Abstract
We investigated the mechanism of imipenem resistance in Enterobacter aerogenes strain 810, a clinical isolate from the United States for which the imipenem MIC was 16 μg/ml and the meropenem MIC was 8 μg/ml. An imipenem-susceptible revertant, strain 810-REV, was obtained after multiple passages of the strain on nonselective media. For the revertant, the imipenem MIC was ≤1 μg/ml and the meropenem MIC was ≤0.25 μg/ml. Cefepime MICs also decreased from 8 to 1 μg/ml; however, the MICs of ceftazidime (≥128 μg/ml), cefoxitin (≥32 μg/ml), and cefotaxime (≥64 μg/ml) remained the same. The β-lactamase and porin profiles of the parent, the revertant, and carbapenem-susceptible type strain E. aerogenes ATCC 13048 were determined. Strains 810 and 810-REV each produced two β-lactamases with pIs of 8.2 and 5.4. The β-lactamase activities of the parent and revertant were similar, even after induction with subinhibitory concentrations of imipenem. While 810-REV produced two major outer membrane proteins of 42 and 39 kDa that corresponded to Escherichia coli porins OmpC and OmpF, respectively, the parent strain appeared to produce similar quantities of the 39-kDa protein (OmpF) but decreased amounts of the 42-kDa protein (OmpC). When the parent strain was grown in the presence of imipenem, the 42-kDa protein was not detectable by gel electrophoresis. However, Western blot analysis of the outer membrane proteins of the parent and revertant with polyclonal antisera raised to the OmpC and OmpF analogs of Klebsiella pneumoniae (anti-OmpK36 and anti-OmpK35, respectively) showed that strain 810 expressed only the 42-kDa OmpC analog in the absence of imipenem (the 39-kDa protein was not recognized by the anti-OmpF antisera) and neither the OmpC nor the OmpF analog in the presence of imipenem. The OmpC analog is apparently down-regulated in the presence of imipenem; however, 810-REV expressed both OmpC and OmpF analogs. These data suggest that imipenem resistance in E. aerogenes 810 is primarily associated with the lack of expression of the analogs of the OmpC (42-kDa) and OmpF (39-kDa) outer membrane proteins, which also results in decreased susceptibility to meropenem and cefepime.

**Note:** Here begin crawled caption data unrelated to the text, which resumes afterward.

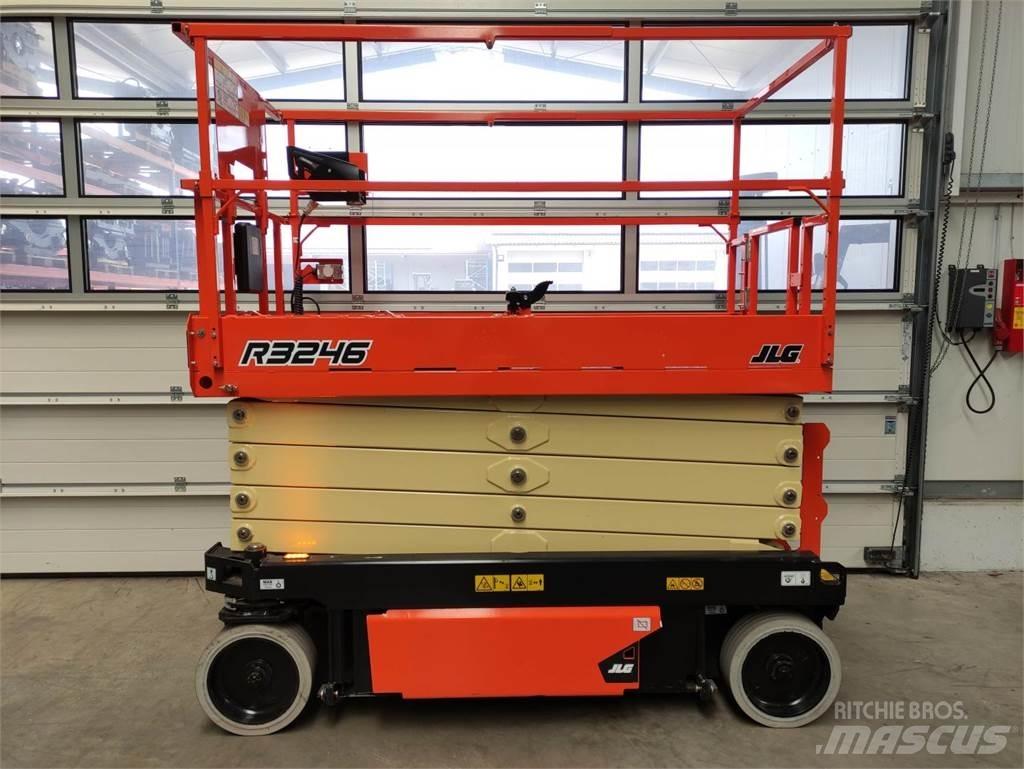 JLG R3246 가위형 리프트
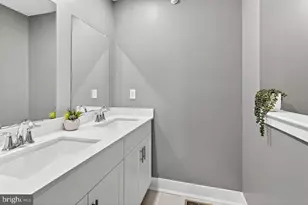 101 Lois Seruby Dr, Titusville, NJ 08560 - Photo 25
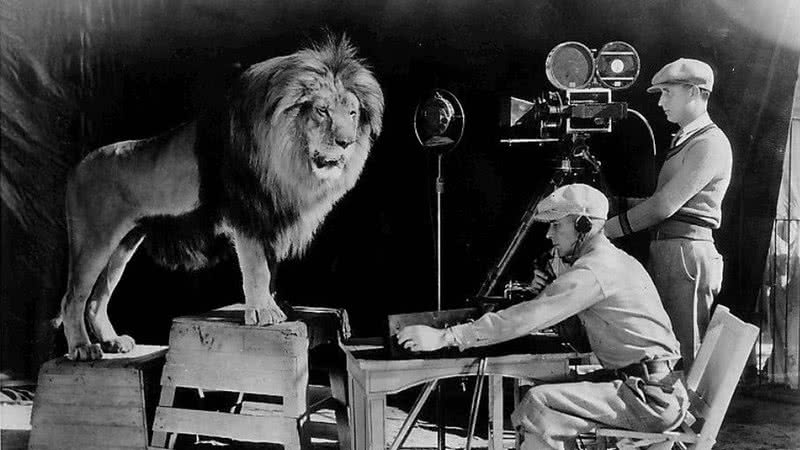 Os bastidores da famosa identidade das produção da MGM - Wikimedia Commons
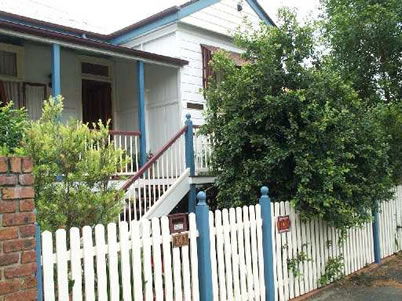 West End QLD Accommodation Sydney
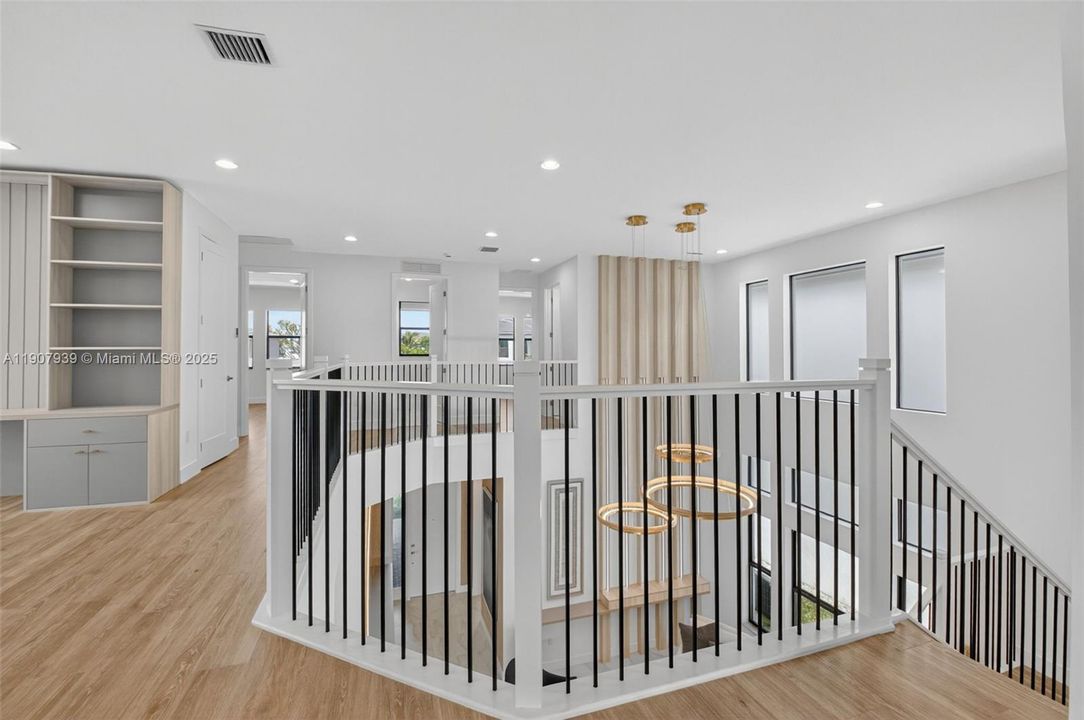 For Rent: $18,000 (5 beds, 7 baths, 4605 Square Feet)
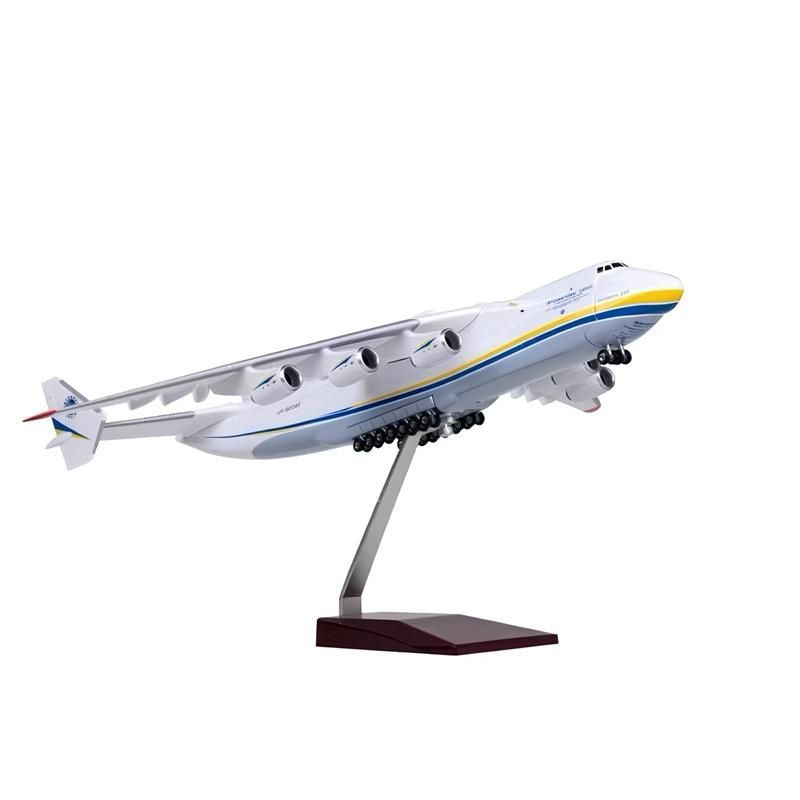 Mô hình máy bay vận chuyển Antonov An-225 Mriya Ukrainian NATO 1:200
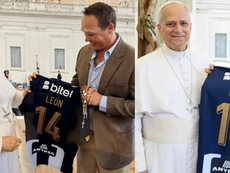 Desde el Vaticano: el Papa León XIV posa con camiseta de Alianza Lima en momento histórico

Enterobacter aerogenes is a major cause of health care-associated infections throughout the world (9, 15, 17, 27, 29). E. aerogenes strains isolated from hospitalized patients generally exhibit resistance to a variety of broad-spectrum antimicrobial agents, including β-lactams (1, 2, 25, 27). Resistance to β-lactams is usually a result of β-lactamase production or alteration of porins (5, 6, 8), but it may be due to modification of the target site (the penicillin binding proteins) or drug efflux (19). Carbapenems often have been used to treat infections caused by multidrug-resistant E. aerogenes strains; however, resistance to carbapenems is starting to emerge (11, 13). The mechanism of carbapenem resistance is often a combination of specific carbapenemase production and alteration of porins (3, 31). Carbapenem resistance due to lipopolysaccharide alterations has also been reported in E. aerogenes (18). Recently, it has been shown that the mar operon of E. aerogenes is involved in the multidrug resistance phenotype (7).
The goal of this study was to characterize the mechanism of carbapenem resistance in E. aerogenes strain 810. In addition, we sought to explain why the outer membrane protein (OMP) profiles differed when the strain was grown in the presence and absence of imipenem. Our results suggest that analysis of OMPs exclusively by gel electrophoresis can provide misleading results and that Western blotting with anti-OmpF and anti-OmpC antisera is critical to understanding the role of OmpF and OmpC analogs in carbapenem resistance.
MATERIALS AND METHODS
Bacterial strains.
Carbapenem-resistant E. aerogenes strain 810 was obtained from a laboratory in Michigan participating in Project ICARE (Intensive Care Antimicrobial Resistance Epidemiology) (14). E. aerogenes ATCC 13048 (type strain), a carbapenem-susceptible isolate, was obtained from the American Type Culture Collection (Manassas, Va.) and was used as a control for porin profiles.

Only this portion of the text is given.